RajLabMSSM / leafcutter-pipeline

Differential splicing and visualisation pipeline for the Raj lab
2 stars 5 forks source link

Provided example bams are invalid #8

Open yfarjoun opened 2 years ago

yfarjoun commented 2 years ago

Hello,

using samtools v1.14 the bam supplied in the example seems to be invalid. Running the example code results in the following error:

[E::sam_hdr_sanitise] Malformed SAM header at line 2
samtools index: failed to create index for "example/data/control_scramble_3_unique_kcnq2.bam"

when manually inspecting the bam it seems that there's a missing @RG tag:

$ zless zless example/data/control_scramble_3_unique_kcnq2.bam   
BAM,@HD VN:1.3  SO:coordinate
ID:control_scramble_3   PL:Illumina
@SQ SN:chr1 LN:248956422
@SQ SN:chr2 LN:242193529
<SNIP>
yfarjoun commented 2 years ago

Looking at the PG line it seems that sugin the bam generation star aligner was run with the --outSAMheaderHD ID:control_scramble_2 PL:Illumina instead of using the --outSAMheaderRG argument....

from the star aligner PDF:

--outSAMattrRGline
default: -
    string(s): SAM/BAM read group line. The first word contains the read group
    identifier and must start with ”ID:”, e.g. –outSAMattrRGline ID:xxx CN:yy
    ”DS:z z z”.
    xxx will be added as RG tag to each output alignment. Any spaces in the tag
    values have to be double quoted.
    Comma separated RG lines correspons to different (comma separated) input
    files in –readFilesIn.

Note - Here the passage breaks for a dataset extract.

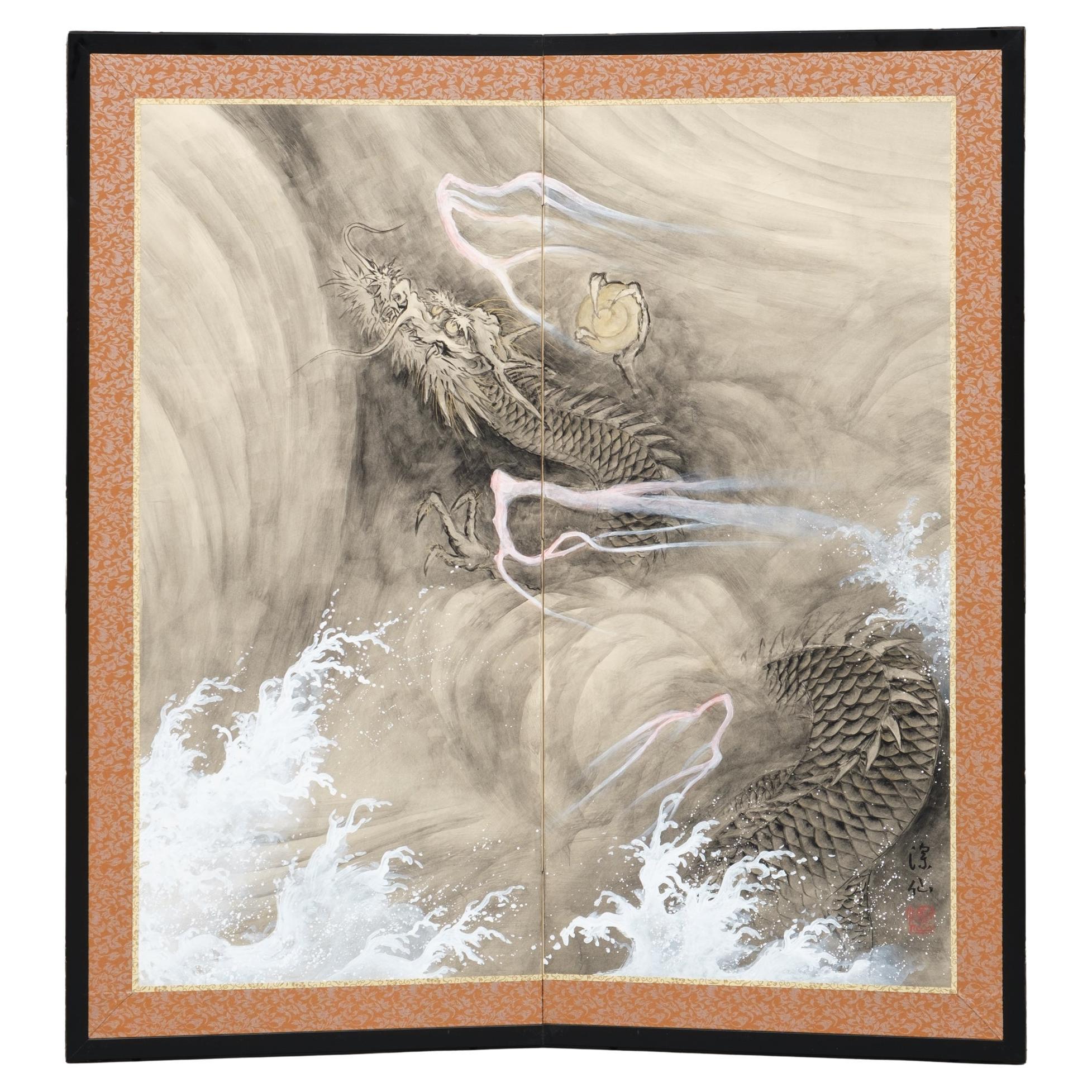Japanese low 2-panel byôbu 屏風 of a dragon by Shioya Shinsen 塩谷深仙 For Sale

Commas have to be surrounded by spaces, e.g.
    –outSAMattrRGline ID:xxx , ID:zzz ”DS:z z” , ID:yyy DS:yyyy

--outSAMheaderHD
    default: -
    strings: @HD (header) line of the SAM header
yfarjoun commented 2 years ago

I can fix the bam files with a samtools reheader command:

e.g.:

zless example/data/TDP43_knockdown_1_unique_kcnq2.bam   | \
  sed -n '1{s/^.*@HD/@HD/p}; 2{s/^/@RG\t/p}; 3,/@CO/p' > TDP43_knockdown_1.header.sam
samtools reheader TDP43_knockdown_1.header.sam example/data/TDP43_knockdown_1_unique_kcnq2.bam > temp.bam
mv temp.bam example/data/TDP43_knockdown_1_unique_kcnq2.bam